W czwartek wieczorem w Pittsburghu w Pensylwanii odbył się wiec, na którym były prezydent Stanów Zjednoczonych Barack Obama zachęcał do oddawania głosów na demokratkę. CNN określa jego przemówienie "gorącym apelem na rzecz Harris". Jednocześnie Obama w dużej mierze mówił o jej konkurencie. - Nie potrzebujemy kolejnych czterech lat arogancji, niezdarności, wygrażania i podziałów. Ameryka jest gotowa, by zmienić bieg wydarzeń - mówił Obama. - Jesteśmy gotowi na lepszą historię, taką, która pomogła nam współpracować zamiast zwracać się przeciwko sobie. Jesteśmy gotowi na prezydent Kamalę Harris - zaznaczył.
Barack Obama krytykuje Donalda Trumpa
Obama zarzucał swojemu następcy w Białym Domu, że narusza podstawowe wartości amerykańskie. - Kiedyś spieraliśmy się o politykę podatkową czy zagraniczną, ale nie spieraliśmy się o to, czy powinno się mówić prawdę, czy nie - powiedział.
- Jestem facetem, który ma nadzieję na zmianę, więc rozumiem ludzi, którzy są sfrustrowani, czując, że możemy radzić sobie lepiej. To, czego nie mogę zrozumieć, to dlaczego ktokolwiek miałby myśleć, że Donald Trump odmieni sprawy w sposób, który będzie dla mieszkańców Pensylwanii dobry - zwracał się do uczestników wiecu. Według niego "Kamala jest przygotowana do pracy jak żaden inny kandydat na prezydenta w historii".
Byli prezydenci USA angażują się w kampanię Kamali Harris
CNN zauważa, że wystąpienie Obamy następuje w czasie, gdy demokraci obawiają się, że osłabł impet, który towarzyszył Harris po tym, jak została kandydatką w wyborach. Stacja przypomina też, że Pensylwania, gdzie wystąpił były prezydent, "może zniweczyć jej prezydenckie ambicje", bo jest jednym z tzw. stanów wahających się, gdzie zwycięstwo nie jest przesądzone.
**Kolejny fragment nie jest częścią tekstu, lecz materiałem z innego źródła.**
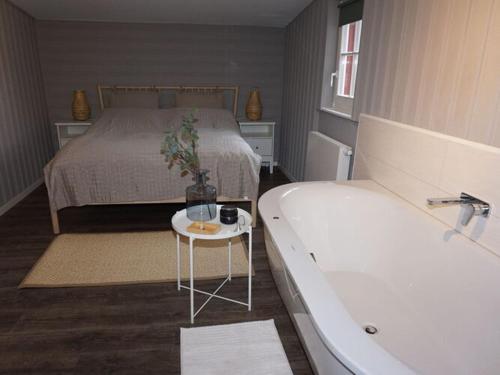 1 dormitorio con 1 cama, bañera y 1 cama en Holiday home "Schwedenhaus Bad Tabarz", en Tabarz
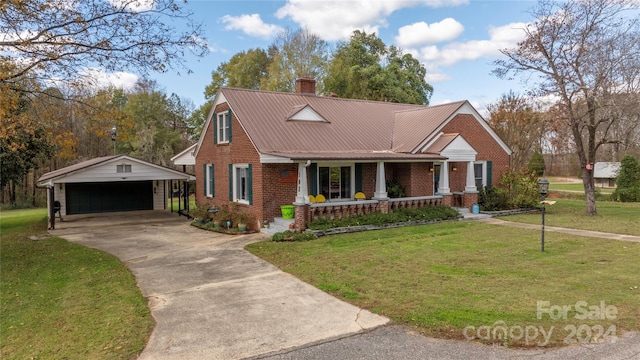 view of front of house with covered porch, a garage, an outdoor structure, and a front lawn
Demokraci starają się zwiększać swoje szanse w tych stanach, szczególnie na ich wiejskich obszarach, które to są mocną stroną Trumpa.
Były prezydent USA, który odszedł z urzędu w 2017 roku, jest nadal bardzo popularny w swojej partii i w kolejnych tygodniach planuje wystąpić jeszcze w innych kluczowych stanach, które mogą przesądzić o wyniku wyborów. W najbliższym czasie na rzecz Harris zaangażuje się też były prezydent Bill Clinton, który pojedzie w niedzielę i poniedziałek do stanu Georgia, a następnie uda się do Karoliny Północnej.